> Exercise requirements
Make an exact copy of the listing below. Pictures stay out of it.

*** Dataset records ***

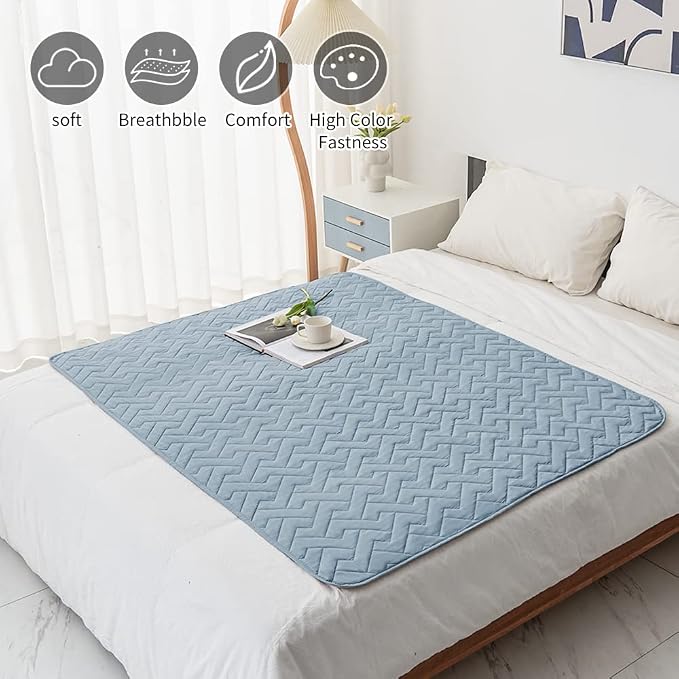 fuguitex Waterproof Dog Bed Cover Couch Cover for Pet Anti-Slip Cat Mat Pet Pad Blanket for Sofa Chair Recliner Bed Furniture Protrctor - Image 2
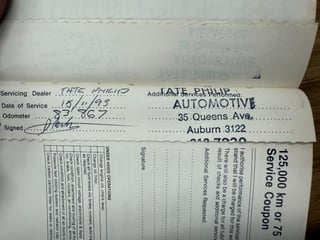 1986 HDT VL Commodore SS Group A - Build No 497 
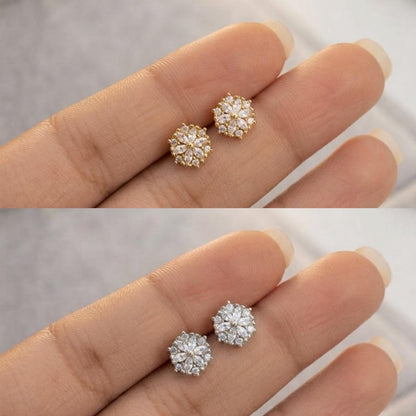 Beautiful zircone studs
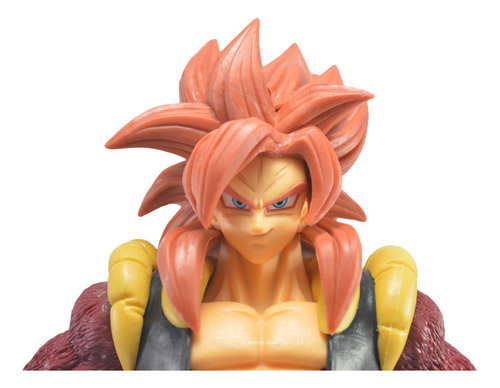 Figura Muñeco De Gogeta Ssj4 Dragon Ball Z Importado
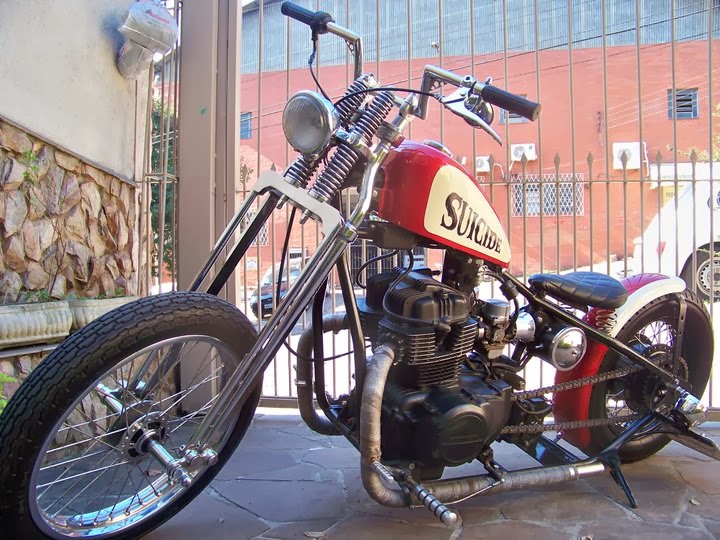 cb400 chopper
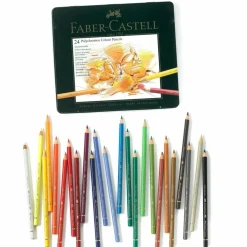 Faber-Castell Polychromos 24 Color Pencil Set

*** End of Dataset records ***

> Solution to this task
 fuguitex Waterproof Dog Bed Cover Couch Cover for Pet Anti-Slip Cat Mat Pet Pad Blanket for Sofa Chair Recliner Bed Furniture Protrctor - Image 2
 1986 HDT VL Commodore SS Group A - Build No 497 
 Beautiful zircone studs
 Figura Muñeco De Gogeta Ssj4 Dragon Ball Z Importado
 cb400 chopper
 Faber-Castell Polychromos 24 Color Pencil Set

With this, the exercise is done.